**Your objective:**
When a record contains an image, skip the image and retype the rest of that record exactly.

Stored dataset items:
+++

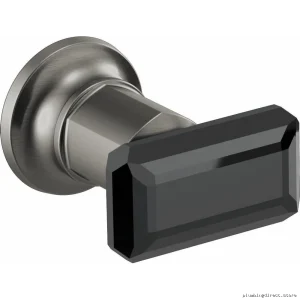 Modern Wall Mount Tub Filler Lever Handle Kit in Luxe Steel & Black Crystal - Brizo HK70476-SLBC
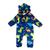 Macacão Pelúcia Fleece Bebe Infantil Zíper Quentinho P/ Frio Dinos fundo azul m73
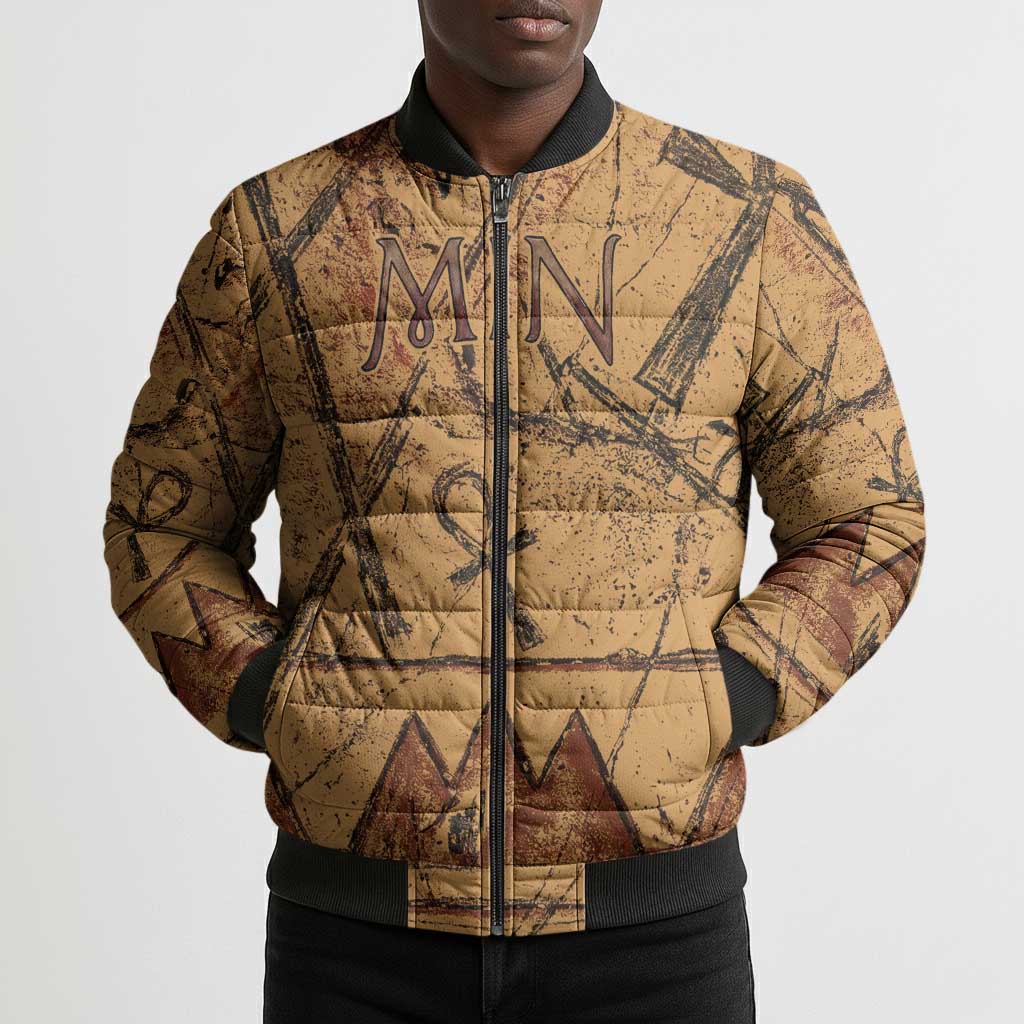 Min Ancient Egyptian Bomber Puffer Jacket Fertility Symbol Sandstone Ankh Pyramid Pattern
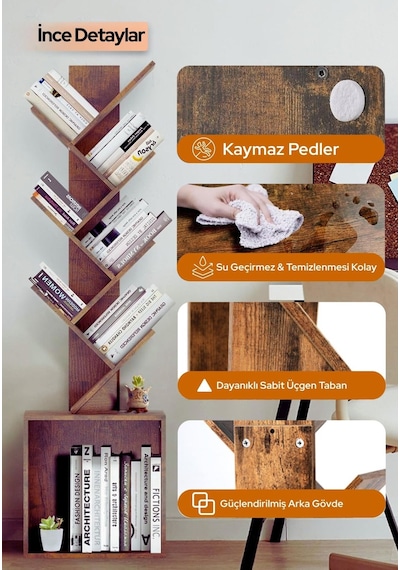 6 Katlı Kitaplık Depolama Dolaplı, Dar Ve Uzun Ağaç Kitaplık Modern Rustik Kahverengi Kitap Düzenleyici Beyaz 6 Katlı Kitaplık Depolama Dolaplı, Dar Ve Uzun Ağaç Kitaplık Modern Rustik Kahverengi Kitap Düzenleyici Beyaz
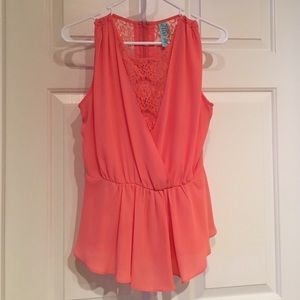 Pink peplum top with lace
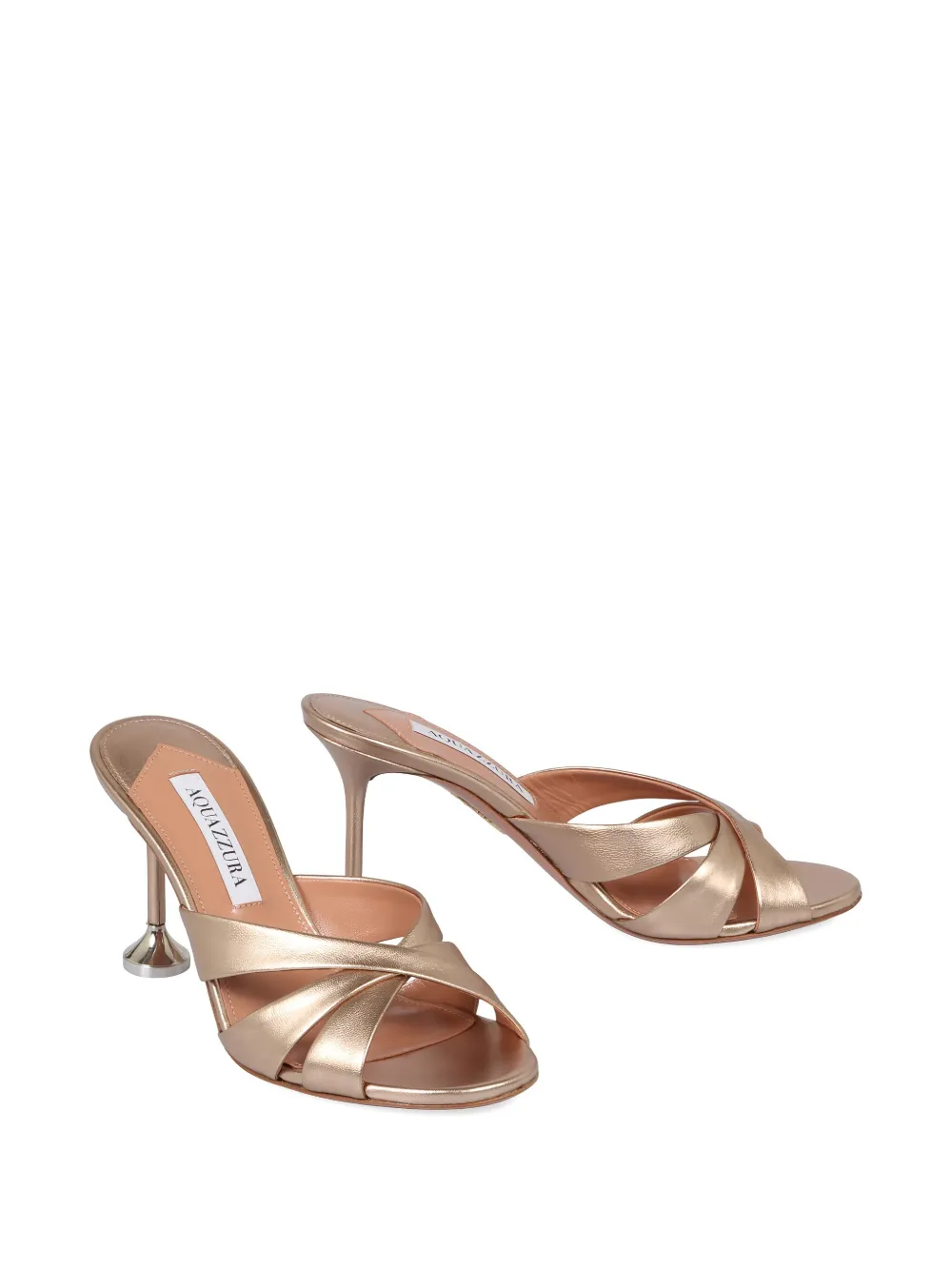 Aquazzura crossover-straps leather sandals Gold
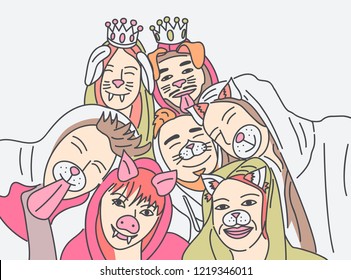 Group of young hipster friends make selfie photo with smartphone camera. Vector illustration.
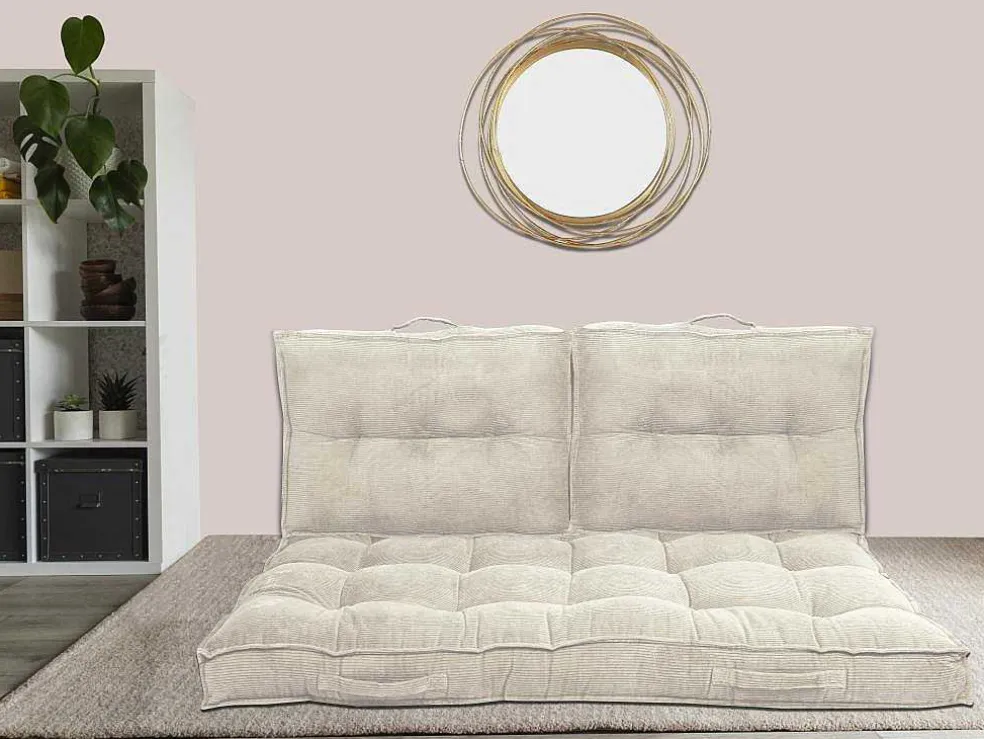 Palletkussen Van Ribfluweel - L120 X D80 Cm - Beige - Baila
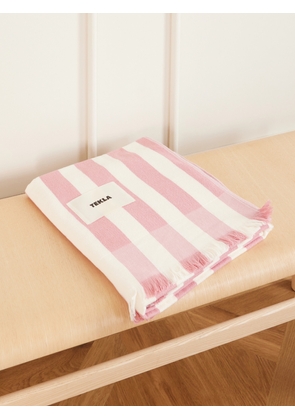 TEKLA - Palma Striped Organic Cotton-terry Beach Towel - Pink - One size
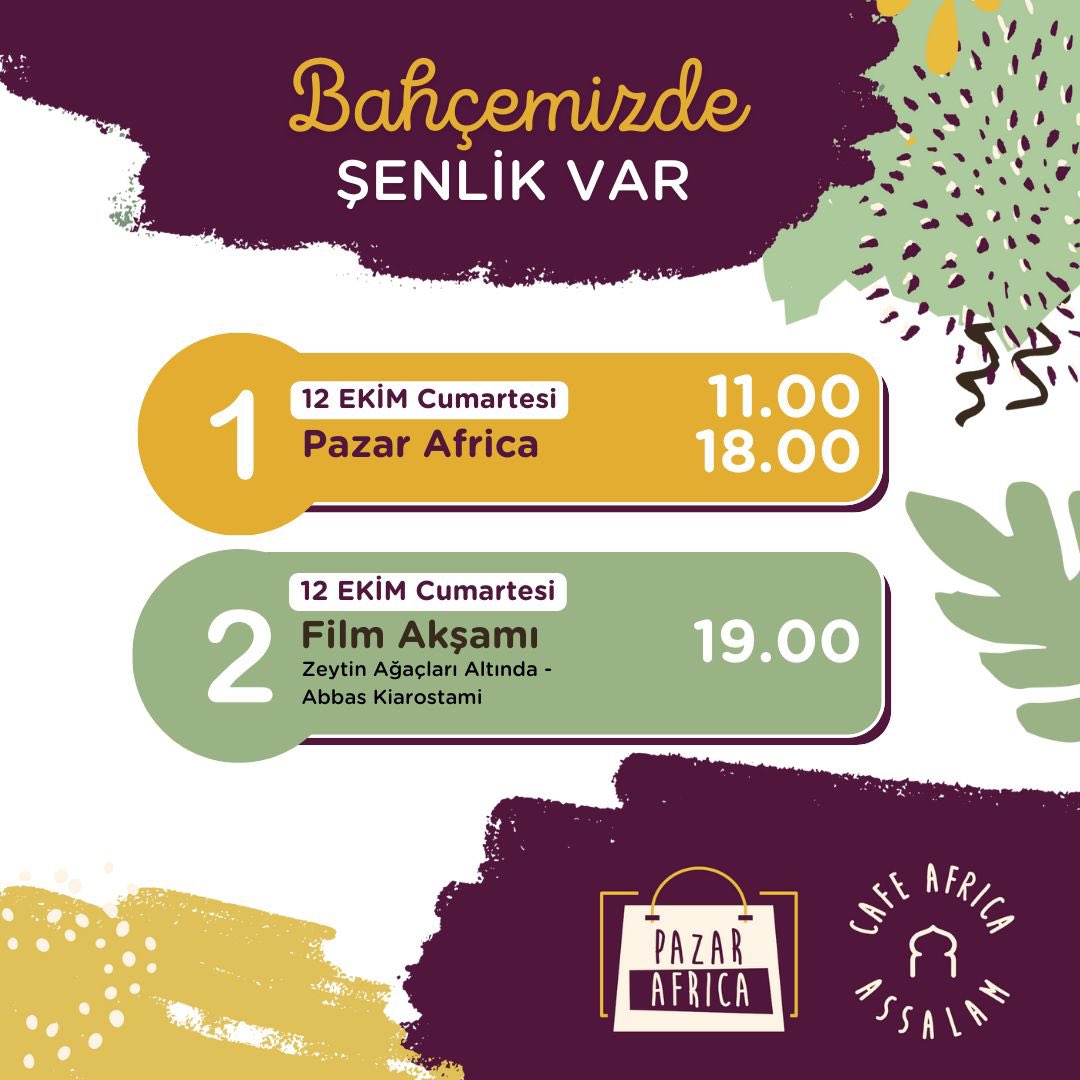Alselamdernegi's tweet photo. Pazar Afrika'ya herkesi bekliyoruz🍁✨🫧

#pazarafrika #vassalam #zanzibar #afrika #gönüllütopluluğu #etkinlik #filmakşamı #zeytinagaclarialtinda #bilet #biletariyorum #şenlik #şenlikvar #cafeafrica #cafe #kafe #bahçemizdeşenlikvar https://t.co/rDlB38WtwZ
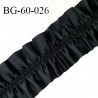 Biais galon 60 mm ruban élastique froufrou couleur noir effet satin largeur 60 mm prix au mètre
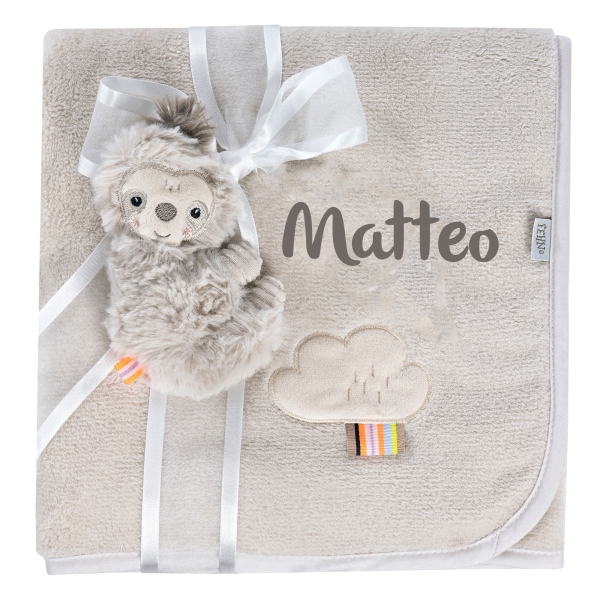 Fehn Faultier Kuscheldecke mit Namen bestickt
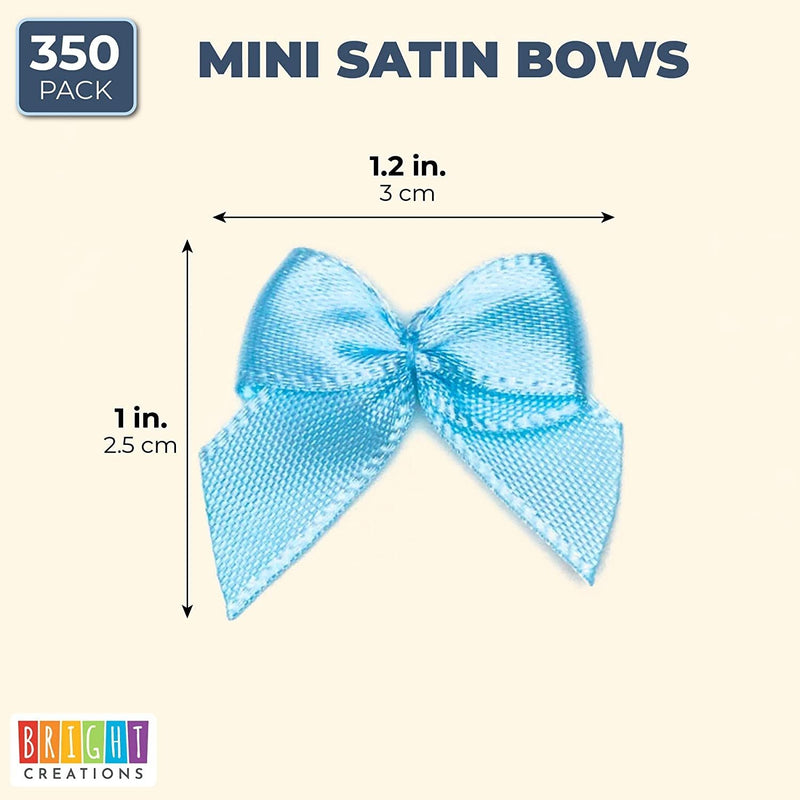 350 Pack Mini Light Blue Satin Ribbon Bows with Self-Adhesive Tape for Crafts, Gift Present Wrapping, Christmas Wreath, 1.5"
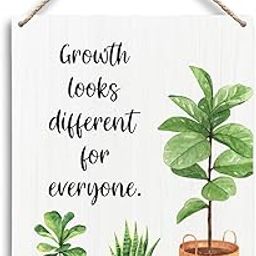 FUGWN Mental Health Plant Hanging Wooden Signs 8x10, Inspirational Wall Decor, Positive Quotes Wall Decor, Motivational Growth Looks Different for Everyone Home Office School Classroom Wall Decor-image-28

+++

**Output of the task:**
 Modern Wall Mount Tub Filler Lever Handle Kit in Luxe Steel & Black Crystal - Brizo HK70476-SLBC
 Macacão Pelúcia Fleece Bebe Infantil Zíper Quentinho P/ Frio Dinos fundo azul m73
 Min Ancient Egyptian Bomber Puffer Jacket Fertility Symbol Sandstone Ankh Pyramid Pattern
 6 Katlı Kitaplık Depolama Dolaplı, Dar Ve Uzun Ağaç Kitaplık Modern Rustik Kahverengi Kitap Düzenleyici Beyaz 6 Katlı Kitaplık Depolama Dolaplı, Dar Ve Uzun Ağaç Kitaplık Modern Rustik Kahverengi Kitap Düzenleyici Beyaz
 Pink peplum top with lace
 Aquazzura crossover-straps leather sandals Gold
 Group of young hipster friends make selfie photo with smartphone camera. Vector illustration.
 Palletkussen Van Ribfluweel - L120 X D80 Cm - Beige - Baila
 TEKLA - Palma Striped Organic Cotton-terry Beach Towel - Pink - One size
Alselamdernegi's tweet photo. Pazar Afrika'ya herkesi bekliyoruz🍁✨🫧

#pazarafrika #vassalam #zanzibar #afrika #gönüllütopluluğu #etkinlik #filmakşamı #zeytinagaclarialtinda #bilet #biletariyorum #şenlik #şenlikvar #cafeafrica #cafe #kafe #bahçemizdeşenlikvar https://t.co/rDlB38WtwZ
 Biais galon 60 mm ruban élastique froufrou couleur noir effet satin largeur 60 mm prix au mètre
 Fehn Faultier Kuscheldecke mit Namen bestickt
 350 Pack Mini Light Blue Satin Ribbon Bows with Self-Adhesive Tape for Crafts, Gift Present Wrapping, Christmas Wreath, 1.5"
 FUGWN Mental Health Plant Hanging Wooden Signs 8x10, Inspirational Wall Decor, Positive Quotes Wall Decor, Motivational Growth Looks Different for Everyone Home Office School Classroom Wall Decor-image-28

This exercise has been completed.